A simple yexample is the crowdsecurity/appsec-vpatch scenario that will ban IPs triggering two distinct In-Band rules:

/etc/crowdsec/scenarios/appsec-vpatch.yaml
type: leaky
name: crowdsecurity/appsec-vpatch
filter: "evt.Meta.log_type == 'appsec-block'"
distinct: evt.Meta.rule_name
leakspeed: "60s"
capacity: 1
groupby: evt.Meta.source_ip
...
info

The crowdsecurity/appsec-vpatch scenario is already part of the generic AppSec/WAF collections, and doesn't have to be manually installed.

Triggering on Out-Of-Band Rules

Let's try to solve an imaginary scenario:

We aim to prevent users from enumerating certain URLs (specifically, those that begin with /foobar/*) when a particular HTTP header is present (something: *test*).

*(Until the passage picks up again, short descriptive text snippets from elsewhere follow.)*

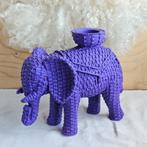 Kandelaar olifant in paars, Huis en Inrichting, Woonaccessoires | Kandelaars en Kaarsen, Overige materialen, Overige kleuren, Ophalen of Verzenden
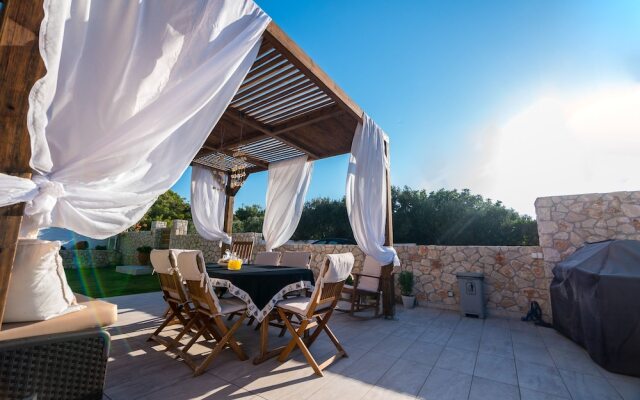 Gorgeous Villa with Garden - Stavros Beach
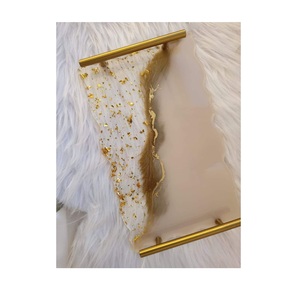 Beau plateau en résine avec surface brillante effet perlé idéal pour la décoration élégante de la salle à manger de luxe - Product Image 2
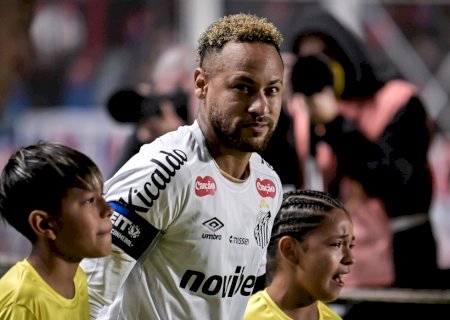 Neymar é tietado após empate do Santos na Argentina e dá chuteira para jogador do San Lorenzo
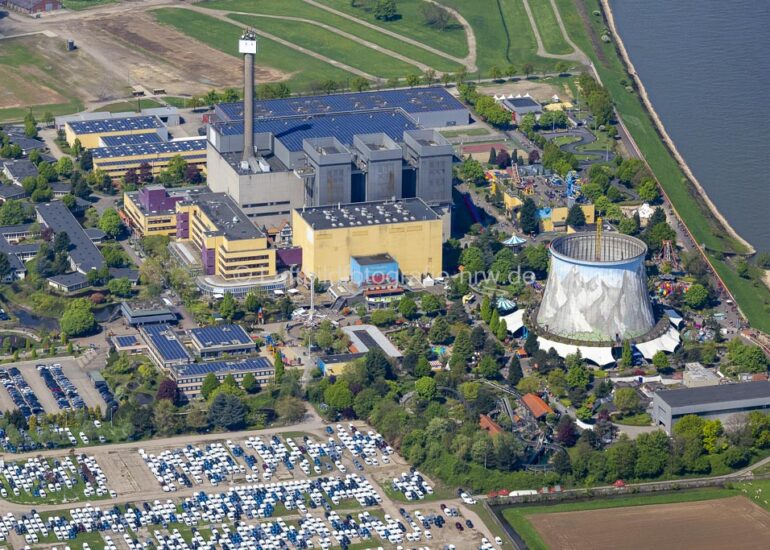 Luftbild Gelände des Wunderland Kalkar auf dem ehemaligen AKW - KKW - Gelände Kalkar im Bundesland Nordrhein-Westfalen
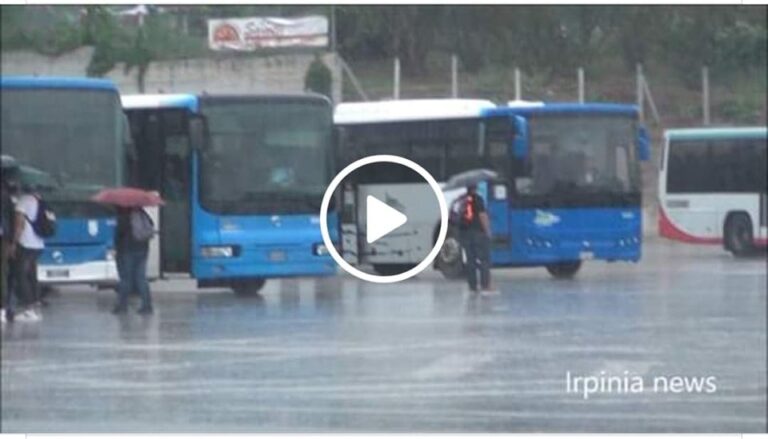 VIDEO:”Sotto la pioggia come bestie, senza nessun servizio”: la protesta dei pendolari al terminal bus di piazzale degli irpini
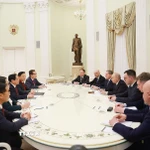 Thủ tướng Phạm Minh Chính hội kiến Tổng thống Nga Vladimir Putin. (Ảnh: Dương Giang/TTXVN)
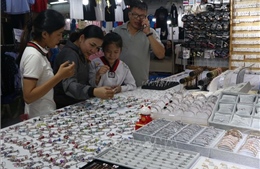 Hơn 450 gian hàng tại Hội chợ mua sắm và ẩm thực hàng Việt Nam - Thái Lan 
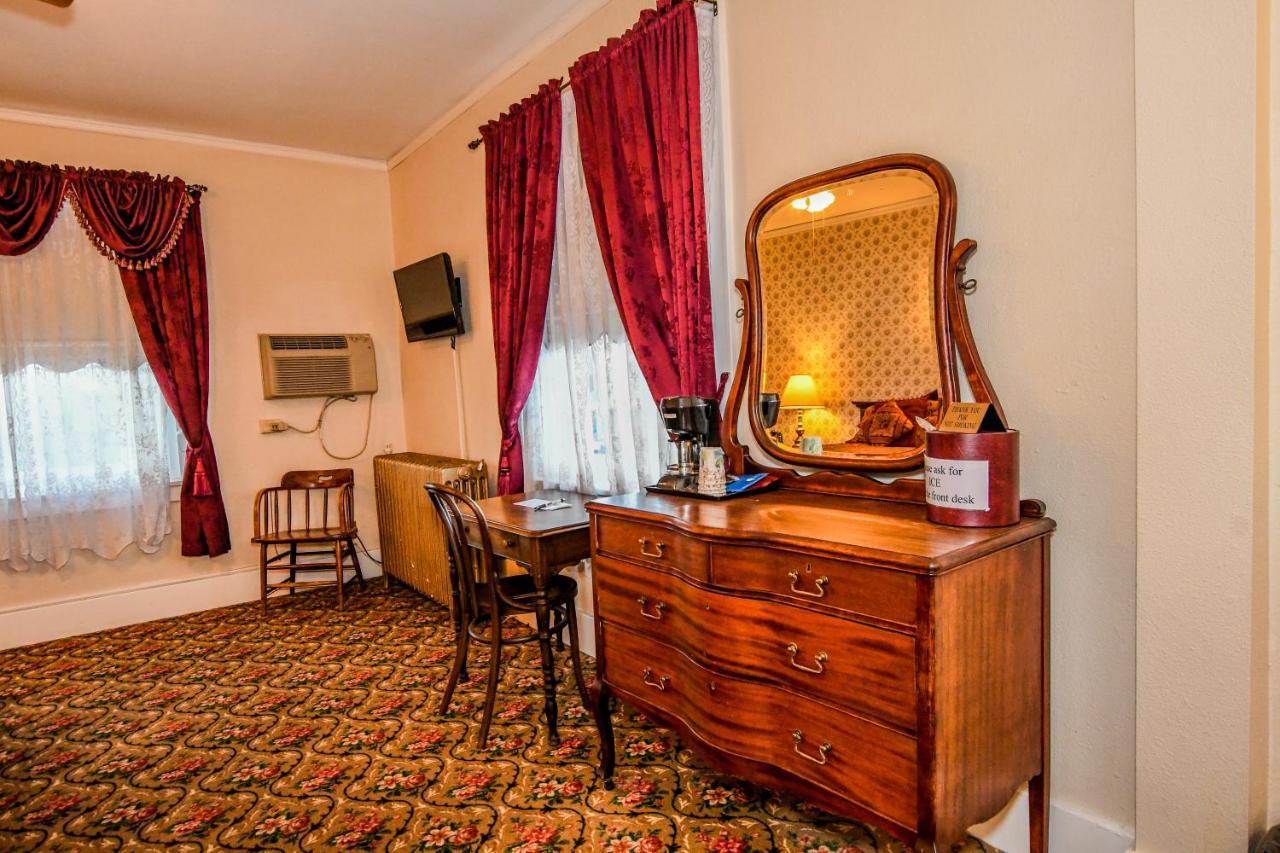 Irma Hotel Коди Экстерьер фото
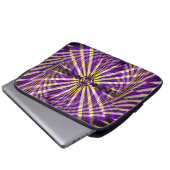 Libelle in Fliege........ Laptopschutzhülle (Vorne Knopf)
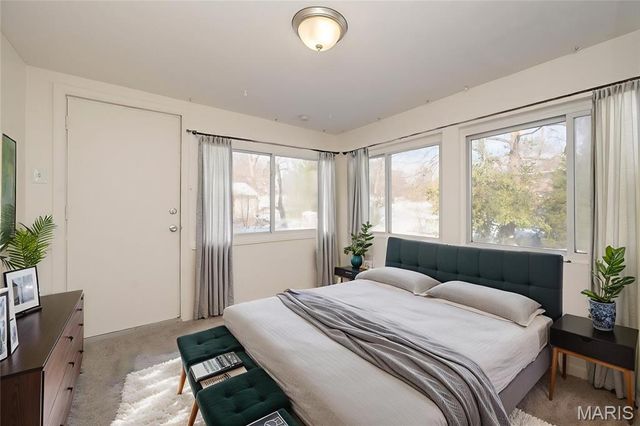 10267 Niblic Drive, Overland, MO 63114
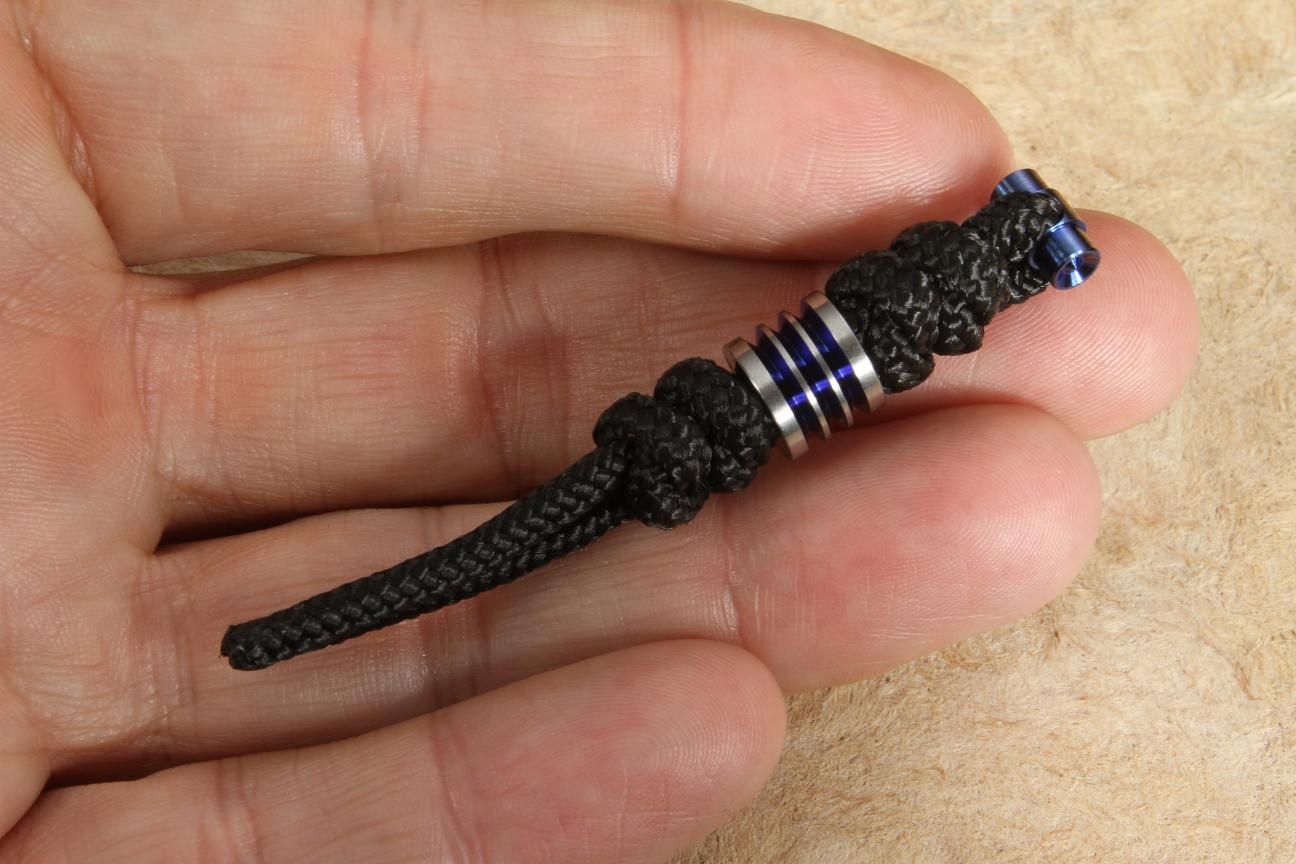 Exclusive Chris Reeve Knives Small Sebenza 31 Blue Ring Lanyard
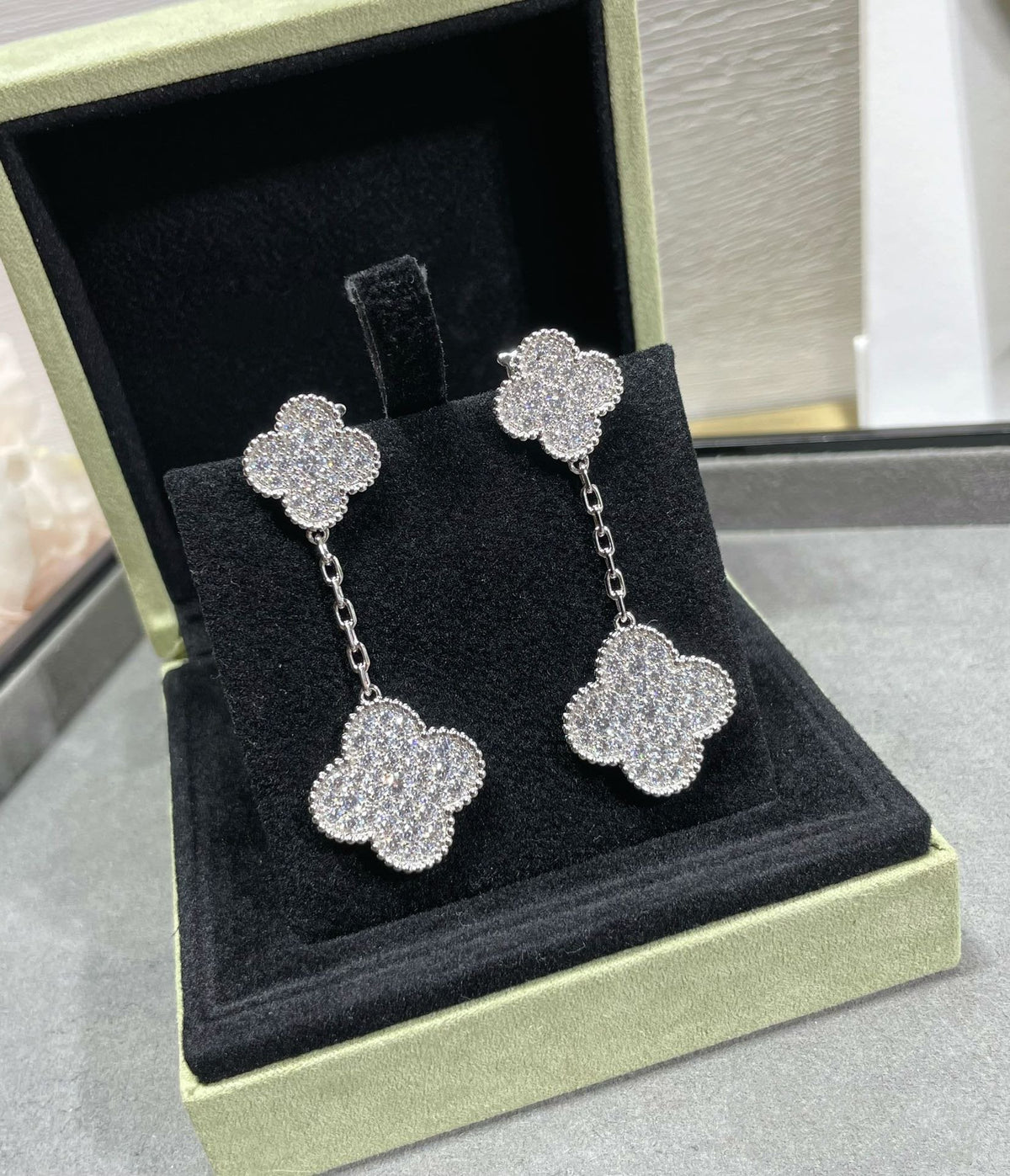 [⭐Mirelle]CLOVER 2 MOTIFS DIAMOND PAVED SILVER EARRINGS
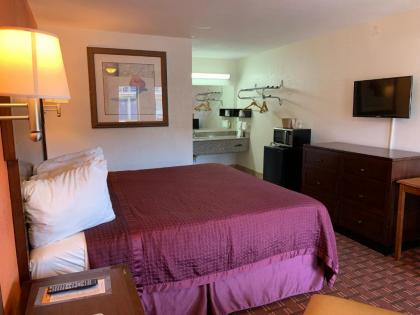 Royal Regency Inn - image 15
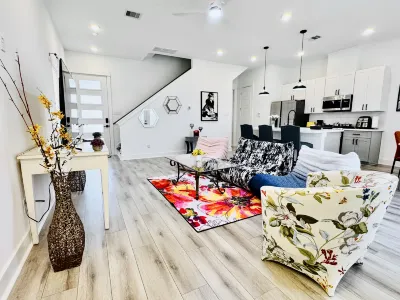 Modern getaway near downtown and airport Hotel a 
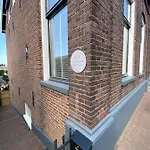 Rebel And Moon In Het Centrum Bed & Breakfast
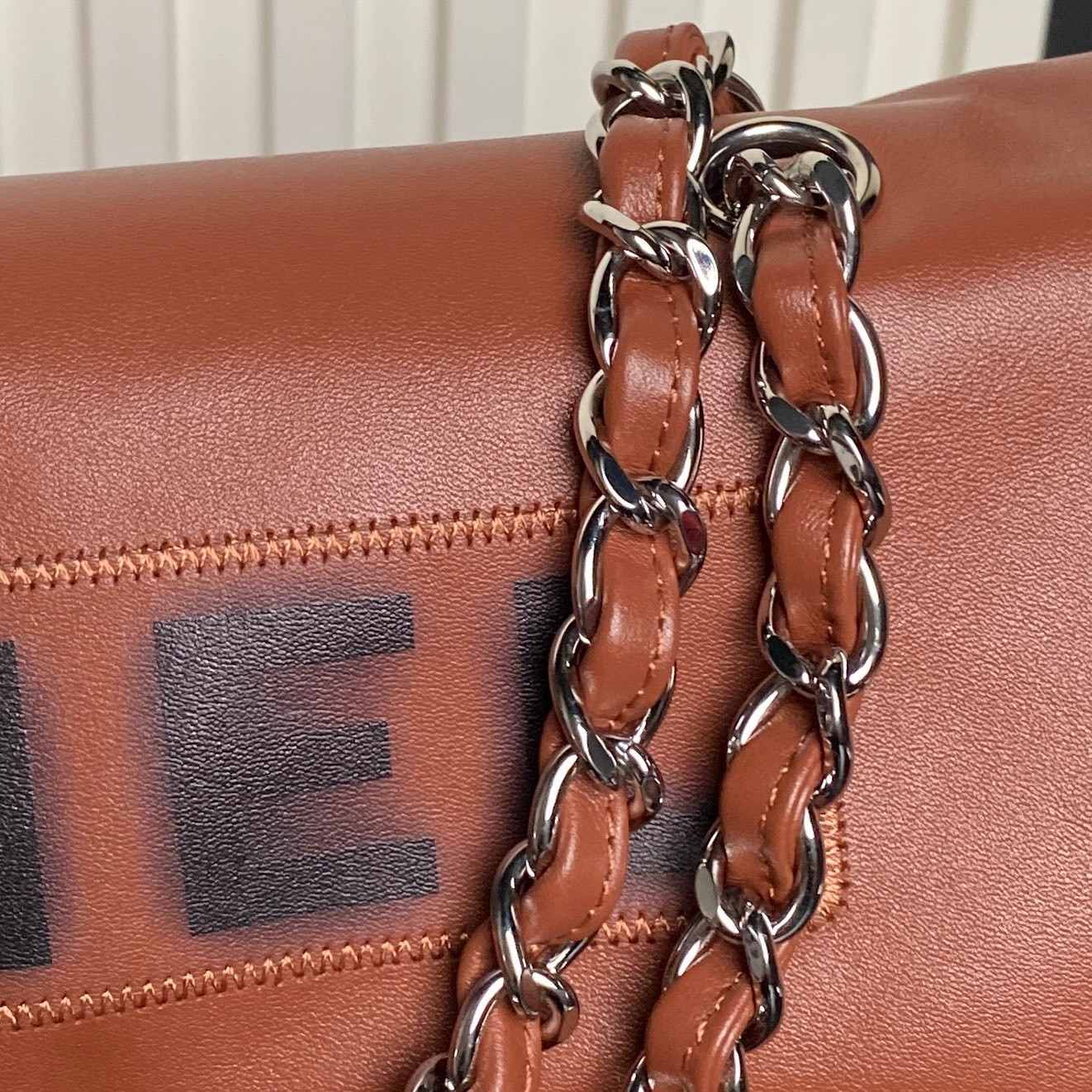 Ch*el vintage graffiti tote airport bag 36x24x12cm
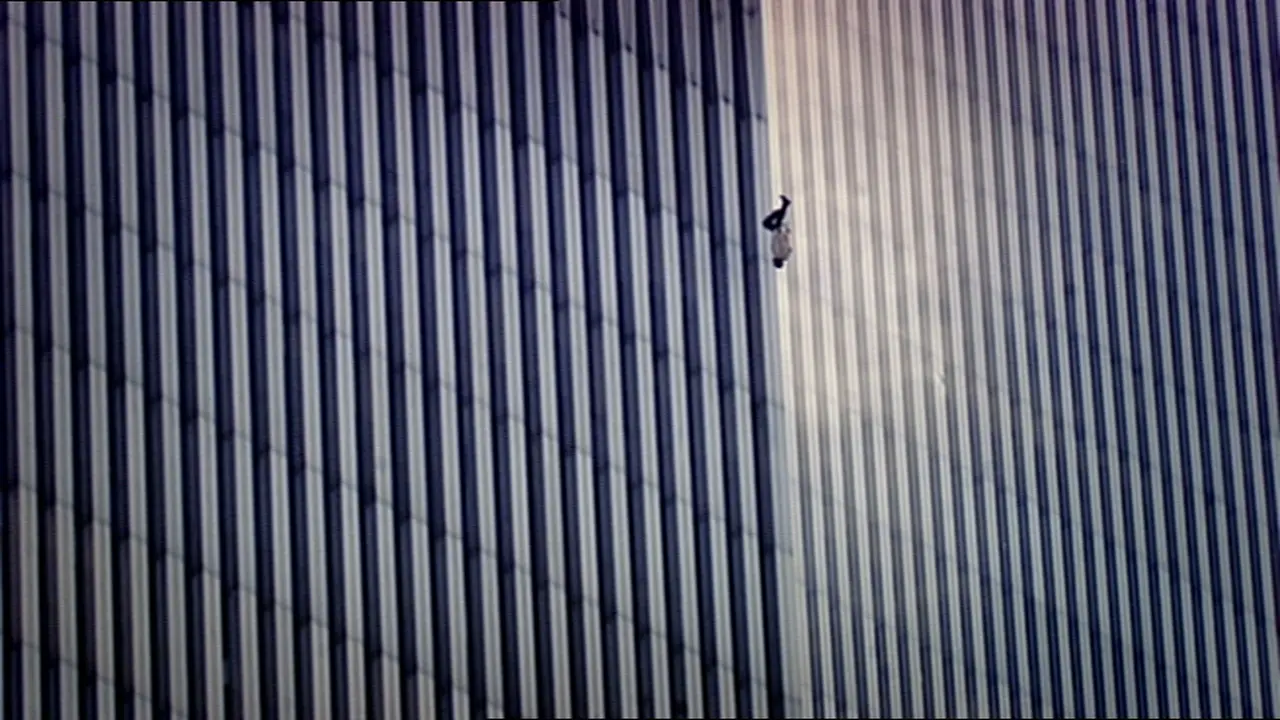 Menguak Pria Misterius di Foto Mengerikan Tragedi WTC 9/11*BLM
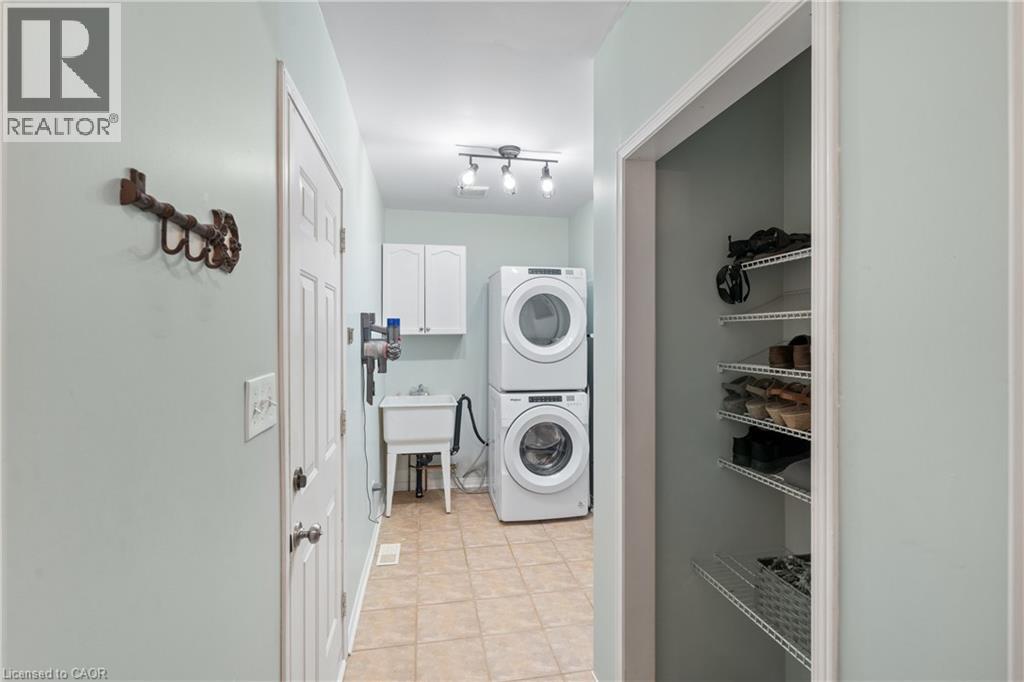 5417 Blue Spruce Avenue, Burlington, Ontario  L7L 7C5 - Photo 17 - 40810491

However, we want to impose this restriction only on users attempting to access two or more distinct /foobar/* URLs while this header is set.

info

Keep in mind that Out-Of-Band rules will generate an event instead of blocking the HTTP Request.

The AppSec/WAF Rule

This is our AppSec/WAF rule:

/etc/crowdsec/appsec-rules/foobar-access.yaml
name: crowdsecurity/foobar-access
description: "Detect access to foobar files with the something header set"
rules:
- zones:
- URI
transform:
- lowercase
match:
type: startsWith
value: /foobar/
- zones:
- HEADERS
variables:
- something
transform:
- lowercase
match:
type: contains
value: test

Let ensure it's loaded as an Out-Of-Band rule, first by creating a new appsec-config:

/etc/crowdsec/appsec-configs/appsec-oob.yaml
name: crowdsecurity/appsec-oob
default_remediation: ban
#Let's add our rule as an out-of-band rule
outofband_rules:
- crowdsecurity/foobar-access

And then make sure this appsec-config is loaded:

/etc/crowdsec/acquis.d/appsec.yaml
appsec_configs:
- crowdsecurity/appsec-default
- crowdsecurity/appsec-oob
labels:
type: appsec
listen_addr: 127.0.0.1:7422
source: appsec

The Scenario

We can now create a scenario that will trigger when a single IPs triggers this rule on distinct URLs:

/etc/crowdsec/scenarios/foobar-enum.yaml
type: leaky
format: 3.0
name: crowdsecurity/foobar-enum
description: "Ban IPs repeateadly triggering out of band rules"
filter: "evt.Meta.log_type == 'appsec-info' && evt.Meta.rule_name == 'crowdsecurity/foobar-access'"
distinct: evt.Meta.target_uri
leakspeed: "60s"
capacity: 1
groupby: evt.Meta.source_ip
blackhole: 1m
labels:
remediation: true
info

The filter ensures only Out-Of-Band events generated by our scenario are picked up, while the capacity: 1 and distinct: evt.Meta.target_uri will ensure that the IP has to trigger the rule on at least 2 distinct URLs to trigger the scenario.

Testing

Let's now test our setup:

$ curl -I localhost/foobar/1 -H 'something: test'
HTTP/1.1 404 Not Found

$ curl -I localhost/foobar/2 -H 'something: test'
HTTP/1.1 404 Not Found

$ curl -I localhost/foobar/3 -H 'something: test'
HTTP/1.1 403 Forbidden

And CrowdSec logs will show:

INFO[2024-12-02T15:28:16+01:00] Ip ::1 performed 'crowdsecurity/foobar-enum' (2 events over 4.780233613s) at 2024-12-02 14:28:16.858419797 +0000 UTC 
INFO[2024-12-02T15:28:17+01:00] (test/crowdsec) crowdsecurity/foobar-enum by ip ::1 (/0) : 4h ban on Ip ::1

As expected, the first two requests were processed without being blocked. The second one triggered the scenario, resulting in the third request being blocked by the bouncer.